De onde, Descartes questina, ele tiraria sua existência, se não houvesse Deus? E responde: (Γ): De
si mesmo; (Δ): Dos pais ou de outras coisas menos perfeitas. Se tivesse tirado sua existência de (Γ),
não duvidaria nem desejaria nem lhe faltaria perfeição alguma e, assim, seria Deus. Se tivesse tirado
sua existência de (Γ), não teria se privado de coisas de fácil aquisição (como alguns conhecimentos
que não possui) nem das de difícil aquisição (como as Qualidades [DEUS]). Dessa forma, havendo
uma qualidade não possuída por Descartes, surgiria de novo a idéia de Deus. Admitindo-se a
existência do eu sem nenhuma causa, ainda deveria existir Deus para que conserve esse eu, já que
ele ter existido em algum momento não implica que deva existir atualmente. Ele procura em si
mesmo o poder de criar ou de conservar (já que é o mesmo) a si mesmo no futuro, de produzir a si
próprio. Contudo, não o sente em si mesmo; donde deriva que ele depende de outro ser. Se, então,
depende de um ser externo, Descartes se pergunta se não seria de (Δ). Responde negativamente,
pois que a causa de sua natureza deve também ser coisa pensante e ter em si todas as Qualidades
[DEUS] atribuídas por Descartes próprio. Se essa causa tem origem de si mesma, ela é Deus e deve
possuir em ato todas as perfeições cujas idéias se lhe concebe. Caso tire sua existência de outra
causa diferente de si, perguntar-se-á por outras causas até que se chegue a Deus, pois terá que haver
alguém que conserve e mantenha o eu, a coisa pensante. Não é possível que as idéias de perfeição
não venham todas de Deus, mas venham de outras causas, pois a inseparabilidade das coisas
existentes em Deus é uma de suas maiores perfeições.

Se pensarmos na hipótese (Δ), diz Descartes, segue-se que, se eles, os pais, foram responsáveis pelo
nascimento de seu filho, isso não implica que eles o conservem atualmente ou que o tenham
produzido como res cogitans. Portanto, como o eu existe, e nele a idéia de um Deus perfeito; a
existência de Deus fica demonstrada.
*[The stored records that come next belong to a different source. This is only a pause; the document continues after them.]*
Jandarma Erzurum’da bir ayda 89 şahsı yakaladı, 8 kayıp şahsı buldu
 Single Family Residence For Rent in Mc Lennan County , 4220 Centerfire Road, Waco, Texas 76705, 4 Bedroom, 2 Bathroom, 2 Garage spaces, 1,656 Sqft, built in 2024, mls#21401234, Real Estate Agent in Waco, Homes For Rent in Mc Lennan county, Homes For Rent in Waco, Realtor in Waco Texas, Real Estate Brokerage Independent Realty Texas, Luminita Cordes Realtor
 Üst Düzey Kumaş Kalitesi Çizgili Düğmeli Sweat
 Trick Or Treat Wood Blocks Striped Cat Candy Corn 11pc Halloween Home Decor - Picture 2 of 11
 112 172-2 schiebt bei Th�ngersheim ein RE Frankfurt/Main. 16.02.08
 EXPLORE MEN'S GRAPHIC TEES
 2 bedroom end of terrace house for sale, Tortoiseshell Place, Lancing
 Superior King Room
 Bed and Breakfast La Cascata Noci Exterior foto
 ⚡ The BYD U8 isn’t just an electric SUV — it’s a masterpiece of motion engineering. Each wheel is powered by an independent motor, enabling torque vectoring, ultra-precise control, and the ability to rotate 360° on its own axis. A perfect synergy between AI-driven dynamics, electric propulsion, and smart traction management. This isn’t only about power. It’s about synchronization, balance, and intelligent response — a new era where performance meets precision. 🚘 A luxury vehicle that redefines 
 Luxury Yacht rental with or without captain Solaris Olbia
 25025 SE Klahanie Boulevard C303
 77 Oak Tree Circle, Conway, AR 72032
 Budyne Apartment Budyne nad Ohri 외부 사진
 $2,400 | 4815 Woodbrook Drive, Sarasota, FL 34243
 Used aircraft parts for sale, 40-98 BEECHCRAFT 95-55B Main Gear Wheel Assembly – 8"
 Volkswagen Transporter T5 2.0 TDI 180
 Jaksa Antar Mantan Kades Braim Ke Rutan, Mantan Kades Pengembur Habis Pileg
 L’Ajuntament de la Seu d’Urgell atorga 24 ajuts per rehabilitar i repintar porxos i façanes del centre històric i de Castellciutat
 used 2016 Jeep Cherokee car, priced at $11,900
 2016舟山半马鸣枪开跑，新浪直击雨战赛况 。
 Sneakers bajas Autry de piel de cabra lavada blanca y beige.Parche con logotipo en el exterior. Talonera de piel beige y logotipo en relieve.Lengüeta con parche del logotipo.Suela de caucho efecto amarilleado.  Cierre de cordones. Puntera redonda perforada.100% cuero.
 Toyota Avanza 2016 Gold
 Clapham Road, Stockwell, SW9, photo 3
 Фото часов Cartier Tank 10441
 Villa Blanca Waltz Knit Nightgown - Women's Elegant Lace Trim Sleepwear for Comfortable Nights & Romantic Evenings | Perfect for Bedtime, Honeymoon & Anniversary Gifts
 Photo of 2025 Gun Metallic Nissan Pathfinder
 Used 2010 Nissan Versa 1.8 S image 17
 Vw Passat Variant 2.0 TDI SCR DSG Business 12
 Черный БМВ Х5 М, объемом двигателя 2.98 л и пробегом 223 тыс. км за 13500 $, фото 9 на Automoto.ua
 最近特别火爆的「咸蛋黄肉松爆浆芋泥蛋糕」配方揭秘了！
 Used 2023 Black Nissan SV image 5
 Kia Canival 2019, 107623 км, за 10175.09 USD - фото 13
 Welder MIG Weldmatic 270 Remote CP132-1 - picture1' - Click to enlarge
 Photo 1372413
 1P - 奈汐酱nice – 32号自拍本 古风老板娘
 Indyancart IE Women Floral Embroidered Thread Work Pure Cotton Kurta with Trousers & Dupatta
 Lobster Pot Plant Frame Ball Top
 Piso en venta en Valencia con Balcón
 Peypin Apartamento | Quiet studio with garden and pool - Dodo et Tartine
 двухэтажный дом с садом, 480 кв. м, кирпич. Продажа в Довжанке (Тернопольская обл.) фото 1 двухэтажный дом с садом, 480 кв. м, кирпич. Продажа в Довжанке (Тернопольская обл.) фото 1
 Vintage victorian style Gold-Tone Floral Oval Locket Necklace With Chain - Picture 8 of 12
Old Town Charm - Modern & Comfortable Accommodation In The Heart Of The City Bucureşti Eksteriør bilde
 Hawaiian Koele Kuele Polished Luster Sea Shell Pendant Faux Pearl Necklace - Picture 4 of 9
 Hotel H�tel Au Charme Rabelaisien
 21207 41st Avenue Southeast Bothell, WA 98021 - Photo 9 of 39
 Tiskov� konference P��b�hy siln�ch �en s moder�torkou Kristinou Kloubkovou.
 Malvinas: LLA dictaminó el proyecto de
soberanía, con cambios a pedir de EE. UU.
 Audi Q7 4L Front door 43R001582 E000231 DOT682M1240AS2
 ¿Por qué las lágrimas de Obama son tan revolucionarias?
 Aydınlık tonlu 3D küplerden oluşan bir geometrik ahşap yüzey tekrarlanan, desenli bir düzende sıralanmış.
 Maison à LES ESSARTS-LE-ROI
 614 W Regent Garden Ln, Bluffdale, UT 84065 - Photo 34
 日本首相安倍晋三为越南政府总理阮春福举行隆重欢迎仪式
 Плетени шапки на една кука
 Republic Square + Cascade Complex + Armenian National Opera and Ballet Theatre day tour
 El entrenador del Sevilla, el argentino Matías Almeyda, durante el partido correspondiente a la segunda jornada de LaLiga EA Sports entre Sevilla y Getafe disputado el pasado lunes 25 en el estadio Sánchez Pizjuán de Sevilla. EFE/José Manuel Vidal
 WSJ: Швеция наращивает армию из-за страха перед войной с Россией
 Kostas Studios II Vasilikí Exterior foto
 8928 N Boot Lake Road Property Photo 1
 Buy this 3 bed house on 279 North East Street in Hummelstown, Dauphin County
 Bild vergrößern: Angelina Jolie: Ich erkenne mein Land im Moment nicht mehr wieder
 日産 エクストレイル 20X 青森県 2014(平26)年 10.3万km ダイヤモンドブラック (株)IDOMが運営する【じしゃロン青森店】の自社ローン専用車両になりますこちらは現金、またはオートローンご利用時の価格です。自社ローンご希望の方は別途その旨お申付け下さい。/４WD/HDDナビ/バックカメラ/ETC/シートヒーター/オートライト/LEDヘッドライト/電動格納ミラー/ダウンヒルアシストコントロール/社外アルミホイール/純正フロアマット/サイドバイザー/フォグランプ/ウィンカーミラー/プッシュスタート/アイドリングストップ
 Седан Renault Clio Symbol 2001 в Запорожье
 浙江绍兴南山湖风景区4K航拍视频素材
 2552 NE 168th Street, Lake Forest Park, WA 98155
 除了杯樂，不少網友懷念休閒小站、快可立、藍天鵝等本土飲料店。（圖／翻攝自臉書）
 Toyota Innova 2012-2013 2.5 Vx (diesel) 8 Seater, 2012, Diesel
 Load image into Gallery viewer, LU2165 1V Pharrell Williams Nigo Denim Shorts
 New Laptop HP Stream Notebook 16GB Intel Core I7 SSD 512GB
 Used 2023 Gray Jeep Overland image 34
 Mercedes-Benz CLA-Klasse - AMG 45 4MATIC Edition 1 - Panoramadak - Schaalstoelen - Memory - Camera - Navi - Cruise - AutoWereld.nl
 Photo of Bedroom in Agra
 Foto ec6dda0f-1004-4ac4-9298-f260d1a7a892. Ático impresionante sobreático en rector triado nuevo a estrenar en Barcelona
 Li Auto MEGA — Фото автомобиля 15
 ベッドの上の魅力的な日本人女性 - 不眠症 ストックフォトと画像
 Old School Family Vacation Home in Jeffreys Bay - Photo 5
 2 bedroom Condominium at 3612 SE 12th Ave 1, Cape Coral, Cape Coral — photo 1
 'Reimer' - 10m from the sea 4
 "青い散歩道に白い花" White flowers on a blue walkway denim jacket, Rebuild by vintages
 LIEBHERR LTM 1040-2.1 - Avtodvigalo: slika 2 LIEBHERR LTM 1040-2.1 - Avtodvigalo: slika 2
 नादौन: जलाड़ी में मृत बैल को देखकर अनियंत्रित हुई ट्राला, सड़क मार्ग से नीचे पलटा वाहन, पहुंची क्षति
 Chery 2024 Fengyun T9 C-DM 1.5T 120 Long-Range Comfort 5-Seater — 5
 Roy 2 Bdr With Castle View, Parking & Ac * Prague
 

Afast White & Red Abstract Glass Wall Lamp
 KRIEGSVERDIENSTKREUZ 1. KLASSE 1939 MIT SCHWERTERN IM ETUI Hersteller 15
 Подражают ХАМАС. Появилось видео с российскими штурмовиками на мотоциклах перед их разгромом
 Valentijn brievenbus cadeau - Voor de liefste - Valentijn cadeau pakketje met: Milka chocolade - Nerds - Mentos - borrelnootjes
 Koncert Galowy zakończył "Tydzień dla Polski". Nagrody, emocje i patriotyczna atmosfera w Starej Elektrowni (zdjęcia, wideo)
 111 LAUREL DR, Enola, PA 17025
Não é pelos sentidos. Não é ficção, pois que se não pode
acrescentar ou diminuir nada. Então a idéia de Deus é inata. Deus, ao criar esse eu de que falamos,
colocou-lhe uma marca, donde é bem provável que conceba, a res cogitans, a semelhança entre ela e
Deus, por meio da faculdade usada pela res cogitans para se conceber a si mesma. Deus é o único
padrão de perfeição (pois as possui todas e não tem nenhuma carência que determine imperfeição)
que a coisa pensante, incompleta, almeja alcançar. Logo, Deus não pode ser enganador, porque esse
comportamento baseia-se na carência.

Afirma Descartes, que se deterá mais um pouco na contemplação do Deus perfeito e seus atributos,
antes de passar às outras verdades que se poderão inferir dessas até então. Afirma que a presente
meditação (a terceira), embora menos perfeita que a contemplação da Majestade divina (maior gozo
de outra vida), dá o maior gozo dessa vida.

QUINTA MEDITAÇÃO

4. - A Quinta meditação apresenta outra maneira de provar a existência de Deus. Não mais se trata
de partir de mim, que tenho a ideia de Deus, mas antes da ideia de Deus que há em mim. Apreender
a ideia de perfeição e afirmar a existência do ser perfeito é a mesma coisa. Pois uma perfeição não
existente não seria uma perfeição. É o argumento ontológico, o argumento de Santo Anselmo que
Descartes (que não leu Santo Anselmo) reencontra: trata-se, ainda aqui, mais de uma intuição, de
uma experiência espiritual (a de um infinito que me ultrapassa) do que de um raciocínio.